PhysicsLAB
Video LAB: Looping Rollercoaster

This lab is based on the video entitled Corkscrew Loop: Looping Rollercoaster from the Direct Measurement Video Project hosted on the Science Education Research Center at Carleton College (SERC) website. The copyright for these videos belong to Independent School District 197 in Mendota Heights, Minnesota. The project is partially funded by a Science Foundation Grant #1245268 awarded in September 2013.

The following lab implementation was designed for use in my Honors Physics I class and only represents one method of analyzing the data provided in the video.
 
To open the video, choose the option of Gen 2 DVM Player. Before playing, note the following data presented on the screen:
  • length of entire train = 15.5 meters +/- 0.2 meters
  • length of one car = 2.45 meters +/- 0.1 meters
 
Also note that two measurement tools are presented along the bottom of the video, a protractor and a vertical ruler, as well as the option of playing the video at normal speed or in 8x slow motion. You should use the slow motion option when taking your meassurements.
First choose to overlay the protractor and "stretch it to match" the curvature of the inside of the track for the "lower approach loop." As you expand the size of the protractor some of it will move off the screen. Now choose the vertical ruler and measure the radius of the original approach. After lining up the zero of the ruler with the center of the protractor, you should obtain a value close to 15.5 meters. Take a moment to note that the top of the corkscrew lies below the center of the circle created by the approaching track. This relationship will be an important consideration when constructing your conclusions.
 
Now move the protractor and adjust its size to match the inside track of the top of the corkscrew. The "x-axis" of the protractor should line up with the vertical trusses which are supporting the corkscrew. Now move the vertical ruler and measure the circle's radius.
 
Now play the video several times to acquaint yourself with the scenario that was filmed.
 
At how many frames per seconds was the film analyzed (8x slow motion)? 

What is the radius of the top semicircular section of the corkscrew in meters? 

What is the length of track along the top of the semicircle of the corkscrew in meters? 

On frames+730, the train completely fills the top semicircle of the corkscrew. Using the fact that there are six "equal length" cars in the train, estimate your value for the length of one car. 

Is your value for the length of a car within the tolerances stated on the video? Support your answer (yes or no) numerically.
 

Sample Data Collection
 
 
Now you are going to obtain three average values for the speed of the lead car as it moves through the top semicircle. Once again load the protractor and adjust its size to inscribe the upper circular section of the corksrew. Looking closely at the protractor you will see white markings every 30º. 
 
We will begin with a sample calculation for the speed at 180º. To do this, we will take measurements that bracket 180º: one at 210º and the other at 150º. On frames+375 the passengers in the front seat of the front car reach the 210º mark on the protractor while on frames+455 they reach the 150º mark on the protractor.
 
How many seconds pass between these two positions? 

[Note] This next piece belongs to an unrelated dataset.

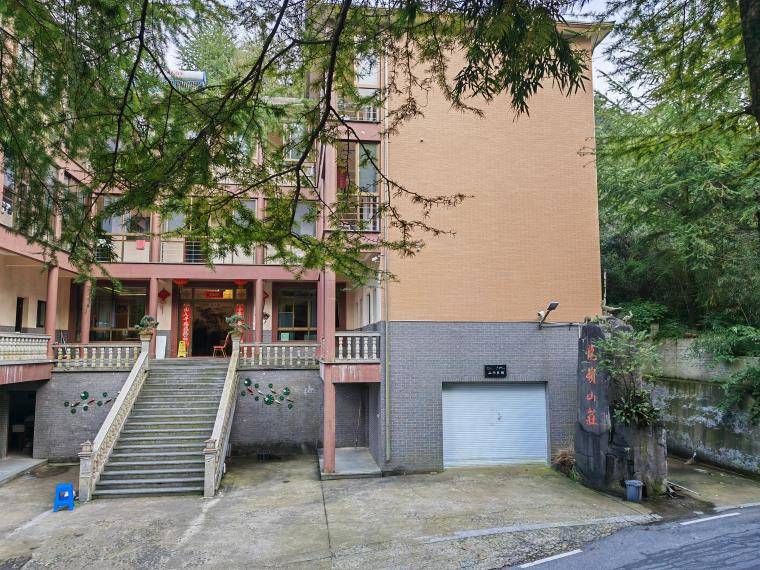 浙江湖州安吉董岭龙岭山庄农家乐,位于景区内,农家鲜笋可劲吃!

How far did the passengers travel between these two position? Remember that you know the diameter to the top semicircle so you can calculate its circumference. The distance between the 210º and the 150º marks represents 1/6th of that circumference. 

What was their average speed during this interval? 

 
The average speed of the car between 210º and 150º can be represented as a secant connecting those two positions. As can be seen in the diagram, the slope of the red secant approaches the slope of the car's instantaneous velocity, the blue tangent, at 180º.

Using this fact, calculate the centripetal acceleration experienced by the passengers in the first car as it passed the left truss in frames+416.
 

Refer to the following information for the next six questions.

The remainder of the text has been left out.